In summary: first, for performance, watch your tail. Not your average.

If you run a web service with an average latency of 100 ms at 1,000 requests per second, 1% of requests might easily take 5 seconds. (If 1% of your requests are 50x the average, it means that the rest of your requests are about twice as fast as the average. But if you’re not measuring your distribution, the idea that most of your requests are near the mean is just hopeful thinking). If your users depend on several such web services to render their page, the 99th percentile of one backend can easily become the median response of your frontend

Second, for error rates, establish and hit a success rate objective of 99.99%. This would mean that less than 1 in 10,000 requests produce some kind of error. That’s usually a good start and it’s fun to brag about. To get there, the right architecture is essential, but that alone won’t suffice. You must also…

Monitor → Fix → Repeat.

How To

In our specific case we are using AWS ELBs for load balancing and SumoLogic for logging and analytics. Those choices are incidental and non-essential — other load balancers (e.g. nginx) and logging systems (e.g Splunk, New Relic) would work too. And by the way, we found and fixed five defects based on the initial review of this information.

Here’s the recipe:

First, in AWS, Enable ELB logs to write to AWS S3, for every ELB you are running.

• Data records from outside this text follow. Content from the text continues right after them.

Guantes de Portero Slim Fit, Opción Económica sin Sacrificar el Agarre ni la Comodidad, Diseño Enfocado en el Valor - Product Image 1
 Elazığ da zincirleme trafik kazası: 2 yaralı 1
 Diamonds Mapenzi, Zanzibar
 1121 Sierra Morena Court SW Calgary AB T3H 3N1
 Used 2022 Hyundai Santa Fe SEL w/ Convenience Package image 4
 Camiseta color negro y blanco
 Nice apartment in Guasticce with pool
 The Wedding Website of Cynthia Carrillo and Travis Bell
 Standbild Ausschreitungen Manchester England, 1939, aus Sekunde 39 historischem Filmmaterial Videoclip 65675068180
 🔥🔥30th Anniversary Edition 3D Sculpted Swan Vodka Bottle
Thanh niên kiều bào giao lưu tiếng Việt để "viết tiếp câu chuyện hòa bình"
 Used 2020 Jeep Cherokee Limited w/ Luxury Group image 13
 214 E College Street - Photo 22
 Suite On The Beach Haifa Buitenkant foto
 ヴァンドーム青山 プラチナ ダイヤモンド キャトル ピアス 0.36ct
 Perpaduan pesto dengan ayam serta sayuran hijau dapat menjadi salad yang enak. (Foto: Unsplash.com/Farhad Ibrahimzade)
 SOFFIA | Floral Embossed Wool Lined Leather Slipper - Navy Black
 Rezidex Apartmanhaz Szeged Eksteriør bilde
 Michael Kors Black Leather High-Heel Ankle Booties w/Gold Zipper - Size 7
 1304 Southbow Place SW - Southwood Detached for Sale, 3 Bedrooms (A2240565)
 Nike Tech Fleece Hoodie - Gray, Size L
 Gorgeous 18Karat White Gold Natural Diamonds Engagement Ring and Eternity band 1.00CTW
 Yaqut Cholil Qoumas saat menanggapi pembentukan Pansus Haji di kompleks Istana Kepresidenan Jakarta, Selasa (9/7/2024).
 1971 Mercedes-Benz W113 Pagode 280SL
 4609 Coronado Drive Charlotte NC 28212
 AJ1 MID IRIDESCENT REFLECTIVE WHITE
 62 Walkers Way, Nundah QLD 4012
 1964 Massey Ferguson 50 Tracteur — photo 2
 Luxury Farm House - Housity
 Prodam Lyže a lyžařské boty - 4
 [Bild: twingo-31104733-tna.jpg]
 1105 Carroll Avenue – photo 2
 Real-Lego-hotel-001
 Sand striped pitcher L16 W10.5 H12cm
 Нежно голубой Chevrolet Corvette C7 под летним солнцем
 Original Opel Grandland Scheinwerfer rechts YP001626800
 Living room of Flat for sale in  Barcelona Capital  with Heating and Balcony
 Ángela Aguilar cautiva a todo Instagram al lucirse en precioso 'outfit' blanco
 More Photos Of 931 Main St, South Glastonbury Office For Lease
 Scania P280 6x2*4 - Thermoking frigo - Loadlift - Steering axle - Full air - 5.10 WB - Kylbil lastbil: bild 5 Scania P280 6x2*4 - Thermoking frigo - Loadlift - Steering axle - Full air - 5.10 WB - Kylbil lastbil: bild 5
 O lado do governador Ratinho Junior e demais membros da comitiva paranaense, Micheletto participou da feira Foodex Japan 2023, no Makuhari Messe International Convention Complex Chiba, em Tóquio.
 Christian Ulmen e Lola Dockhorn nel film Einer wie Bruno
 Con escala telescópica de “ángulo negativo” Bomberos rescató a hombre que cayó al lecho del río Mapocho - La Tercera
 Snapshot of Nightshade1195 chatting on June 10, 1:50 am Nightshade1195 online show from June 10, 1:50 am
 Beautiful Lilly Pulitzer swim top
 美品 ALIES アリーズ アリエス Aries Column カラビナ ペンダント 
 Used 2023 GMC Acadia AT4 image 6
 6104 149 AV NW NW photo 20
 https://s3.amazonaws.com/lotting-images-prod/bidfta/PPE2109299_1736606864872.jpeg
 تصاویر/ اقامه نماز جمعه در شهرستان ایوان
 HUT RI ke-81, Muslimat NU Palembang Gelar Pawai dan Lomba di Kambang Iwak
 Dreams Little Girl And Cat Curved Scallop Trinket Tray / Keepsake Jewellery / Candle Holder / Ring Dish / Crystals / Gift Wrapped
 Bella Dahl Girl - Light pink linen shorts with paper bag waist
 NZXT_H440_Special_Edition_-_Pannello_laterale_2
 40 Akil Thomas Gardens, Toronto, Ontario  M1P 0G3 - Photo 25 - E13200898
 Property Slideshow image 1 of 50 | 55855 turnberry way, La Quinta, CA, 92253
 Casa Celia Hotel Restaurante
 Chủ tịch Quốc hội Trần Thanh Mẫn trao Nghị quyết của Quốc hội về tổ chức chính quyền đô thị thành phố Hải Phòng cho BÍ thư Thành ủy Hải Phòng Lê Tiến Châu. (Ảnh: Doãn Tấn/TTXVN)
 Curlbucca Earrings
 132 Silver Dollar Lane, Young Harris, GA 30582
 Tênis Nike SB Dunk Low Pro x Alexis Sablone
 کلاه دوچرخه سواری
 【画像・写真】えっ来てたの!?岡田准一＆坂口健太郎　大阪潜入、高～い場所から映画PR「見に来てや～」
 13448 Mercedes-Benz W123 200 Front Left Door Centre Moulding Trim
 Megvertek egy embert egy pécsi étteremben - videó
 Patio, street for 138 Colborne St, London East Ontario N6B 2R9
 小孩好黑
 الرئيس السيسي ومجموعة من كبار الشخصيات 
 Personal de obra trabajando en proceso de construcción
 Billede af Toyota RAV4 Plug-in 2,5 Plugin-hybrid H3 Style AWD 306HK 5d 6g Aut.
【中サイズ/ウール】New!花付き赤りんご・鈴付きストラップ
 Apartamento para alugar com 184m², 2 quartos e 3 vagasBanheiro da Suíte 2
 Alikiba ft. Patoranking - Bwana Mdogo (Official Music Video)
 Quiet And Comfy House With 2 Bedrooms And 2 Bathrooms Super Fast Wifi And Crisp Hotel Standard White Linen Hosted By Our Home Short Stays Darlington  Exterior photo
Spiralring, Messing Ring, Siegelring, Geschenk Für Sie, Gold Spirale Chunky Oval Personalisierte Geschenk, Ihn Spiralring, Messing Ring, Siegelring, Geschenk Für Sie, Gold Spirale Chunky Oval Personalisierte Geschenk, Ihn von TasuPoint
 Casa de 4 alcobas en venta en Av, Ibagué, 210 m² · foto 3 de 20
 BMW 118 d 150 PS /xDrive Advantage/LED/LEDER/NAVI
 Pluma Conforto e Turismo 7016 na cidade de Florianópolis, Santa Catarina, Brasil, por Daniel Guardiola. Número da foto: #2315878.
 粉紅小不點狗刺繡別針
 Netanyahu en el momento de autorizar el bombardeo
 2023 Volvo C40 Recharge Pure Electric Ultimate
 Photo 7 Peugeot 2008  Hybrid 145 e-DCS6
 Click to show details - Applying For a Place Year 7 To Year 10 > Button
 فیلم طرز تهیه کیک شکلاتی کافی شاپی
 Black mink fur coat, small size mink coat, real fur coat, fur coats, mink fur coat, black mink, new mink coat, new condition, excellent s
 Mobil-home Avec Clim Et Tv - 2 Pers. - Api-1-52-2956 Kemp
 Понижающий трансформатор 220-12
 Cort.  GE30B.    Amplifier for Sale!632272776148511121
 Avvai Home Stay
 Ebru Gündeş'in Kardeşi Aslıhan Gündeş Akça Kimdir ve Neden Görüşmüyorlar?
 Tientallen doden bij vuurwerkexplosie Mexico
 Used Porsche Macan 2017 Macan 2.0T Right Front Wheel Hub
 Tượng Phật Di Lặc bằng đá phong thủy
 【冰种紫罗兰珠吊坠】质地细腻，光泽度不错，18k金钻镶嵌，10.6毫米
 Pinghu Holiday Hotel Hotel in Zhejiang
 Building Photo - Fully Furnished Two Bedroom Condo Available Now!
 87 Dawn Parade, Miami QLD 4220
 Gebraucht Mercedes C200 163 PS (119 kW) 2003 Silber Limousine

They will write every 5 minutes at most.

Second, create SumoLogic collector sources to ingest these logs as often as possible. After a few minutes logs will start appearing. It’s best to also setup SumoLogic field extraction rules for ELB so your parsing is done ahead of the query.

Third, create a SumoLogic dashboard based on the following query:

_collector=”My Collector Name”
| num(requestProc+ba_Response+cli_Response) * 1000 as time_ms
| if (time_ms > 1000, 1, 0) as slow_responses
| if (elb_statuscode >= 500, 1, 0) as errors
| count as total_reqs,
pct(time_ms, 50) as time_ms_pct_50,
pct(time_ms, 99.5) as time_ms_pct_99_5,
max(time_ms) as time_ms_worst,
sum(slow_responses) as num_resp_over_1s,
sum(errors) as _5xx_count
by domain
| (total_reqs — num_resp_over_1s) / total_reqs * 100 as perf_success_rate
| (total_reqs — _5xx_count) / total_reqs * 100 as success_rate
| sort by total_reqs desc
| round (time_ms_worst)
| round (time_ms_pct_99_5)
| round (time_ms_pct_50)

If you didn’t setup field extraction rules, you’ll also need a parse command in there as a second line. I left it out so the essence of the query could shine through, but here it is if you need it:

| parse “* * *:* *:* * * * * * * * \”* *://*:*/* HTTP” as datetime,
ELB_Server, clientIP, port, backend, backend_port, requestProc,
ba_Response, cli_Response, ELB_StatusCode, be_StatusCode, rcvd, send,
method, protocol, domain, server_port, path

That small amount work produces this bountiful output. And it does so for every service which is part of this collector, not just one service.

SumoLogic output table. One row per domain in the ELB log.

SumoLogic output table. One row per domain in the ELB log.
SumoLogic output table. One row per domain in the ELB log.

This table immediately raises lots of interesting questions. E.g. Why is the top service called so many more times than the other services — is that expected? Why do services with very low median response times have worst case response times which are over 6,000X slower — what’s going on in the tail? Why is the third service not at 4 nines of success rate yet?

Finally, create a SumoLogic alert using essentially the same query to flag if error rates increase. That’s easy to derive from the query above.

Don’t Wait For Problems To Come To You

Ultimately, the goal is to Monitor → Fix → Repeat. Monitoring with load balancer logs is fast, easy, and cheap to do. Don’t wait for problems to show themselves. Aggressively expose then eliminate problems!

After all, today’s slightly escalated error rate is a usage pattern change away from being tomorrow’s outage.